Lim and Dr Wan Azizah had sent letters urging Swiss lawmakers to vote in support of the motion that is to be debated in the lower house. Voting is expected to take place tomorrow.
The Finance Ministry, in a statement, refuted allegations by Lim and Dr Wan Azizah that 1MDB’s assets had been misappropriated.
It said 1MDB had informed the ministry that allegations of its assets being embezzled or misappropriated domestically or overseas were not true and politically motivated.
The ministry said to its knowledge, FINMA was investigating private banks in Switzerland following complaints that the banks were flaunting Swiss money laundering laws and illegally profiting from banking transactions without carrying out adequate background checks into business relationships and the transactions.
“We were advised that the 104 million Swiss francs actually represents the total amount in fines or penalties imposed by FINMA on private banks for violations of Swiss finance and banking laws,” it said.
“Therefore, the 104 million Swiss francs do not belong to the Malaysian government or any of its agencies or related companies.”

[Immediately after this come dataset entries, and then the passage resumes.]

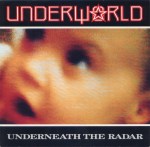 underworld - underneaththeradarUS12A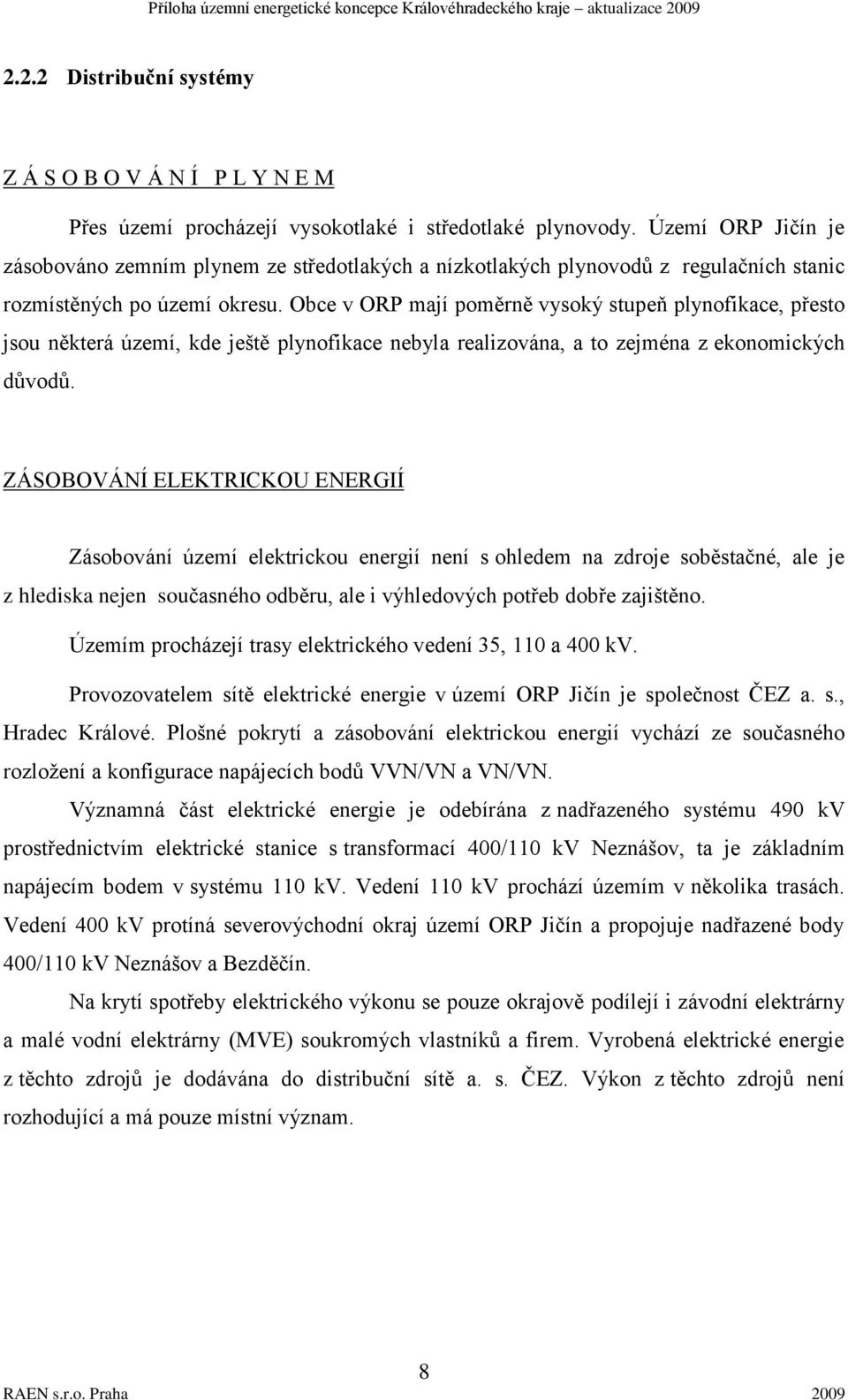 Obce v ORP mají poměrně vysoký stupeň plynofikace, přesto jsou některá území, kde ještě plynofikace nebyla realizována, a to zejména z ekonomických důvodů.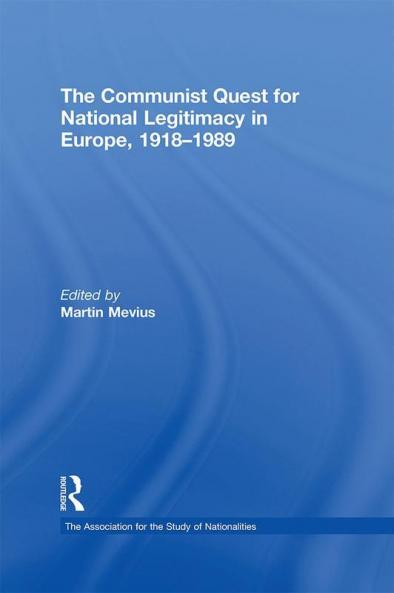 Communist Quest for National Legitimacy in Europe 1918-1989
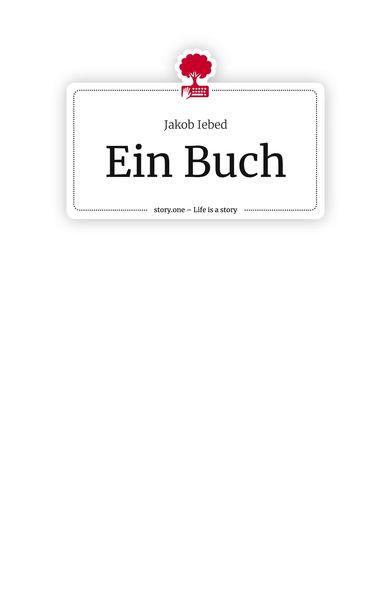Produktbild: Ein Buch. Life is a Story - story.one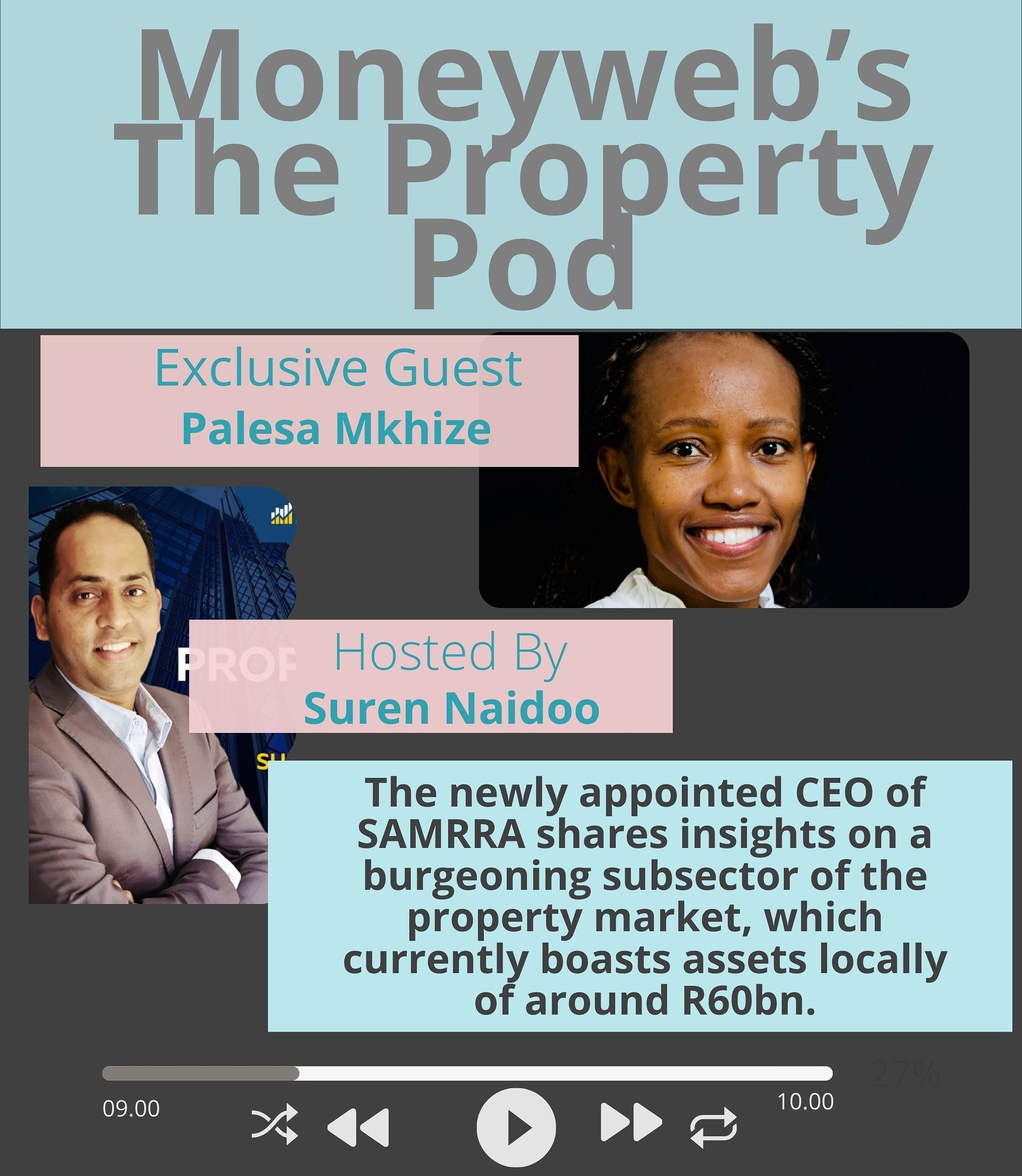 Moneyweb’s The Property Pod sits down with Palesa Mkhize, South Africa’s emerging voice in the multifamily residential sector.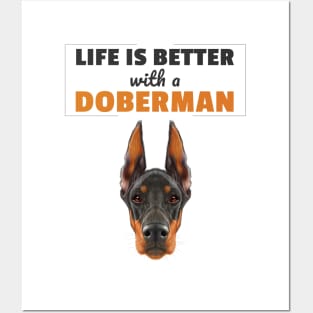 Life Is Better With a Doberman Posters and Art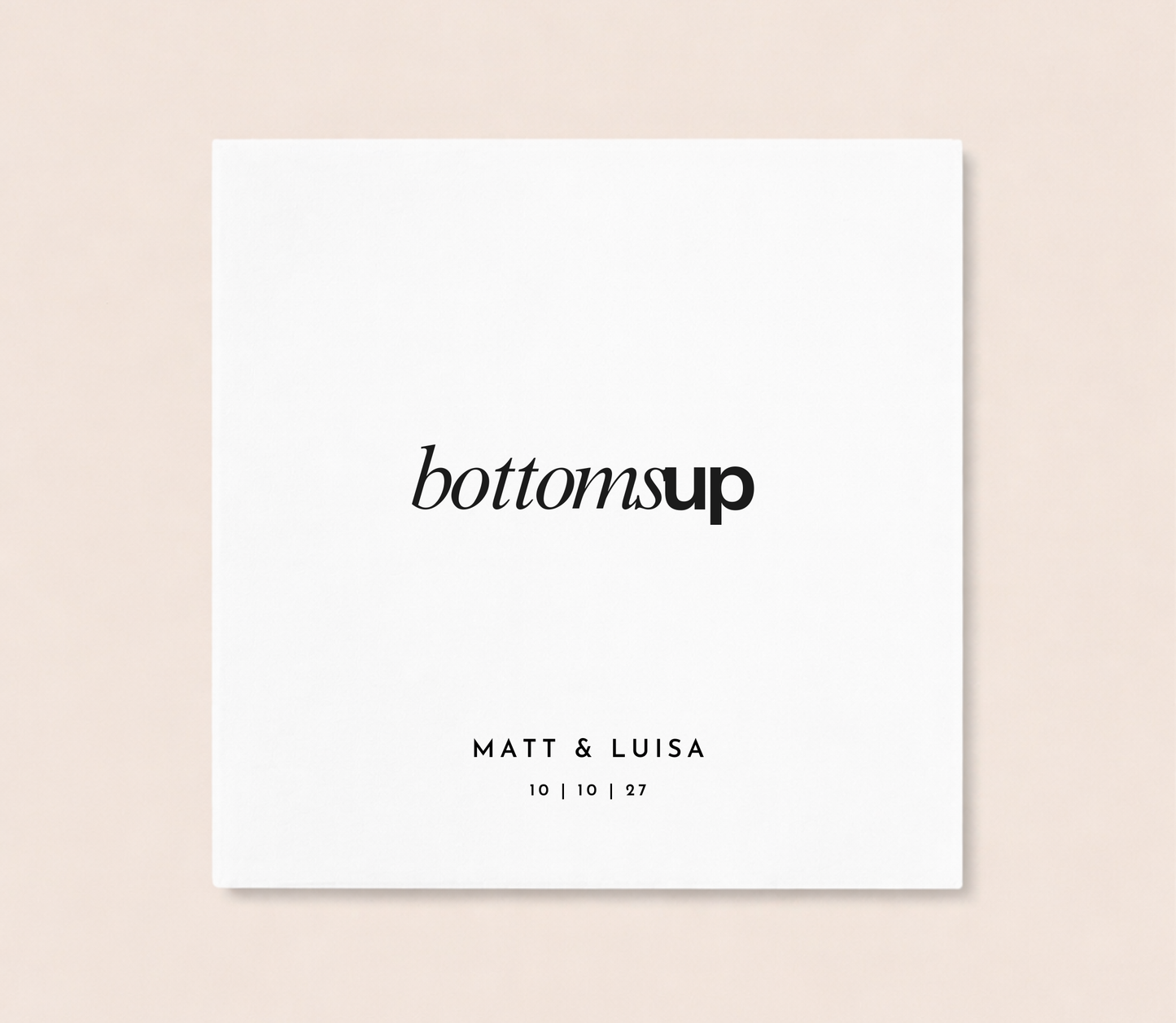 bottoms up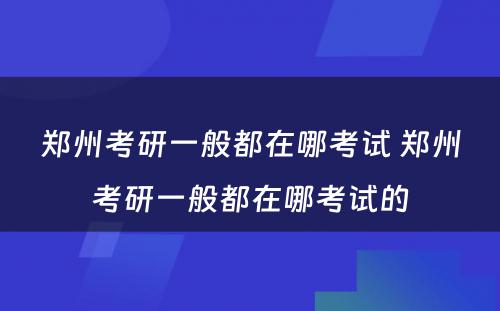 郑州考研一般都在哪考试 郑州考研一般都在哪考试的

The ministry said checks and audit conducted by Malaysian enforcement agencies — including the Public Accounts Committee, Malaysian Anti-Corruption Commission, police and the attorneygeneral — had not shown or detected any missing funds from 1MDB.
“The ministry finds it difficult to take any position to make a claim from the Swiss government as the monies do not belong to the Malaysian public, as alleged by Dr Wan Azizah and Lim in their letters to the Swiss members of parliament.”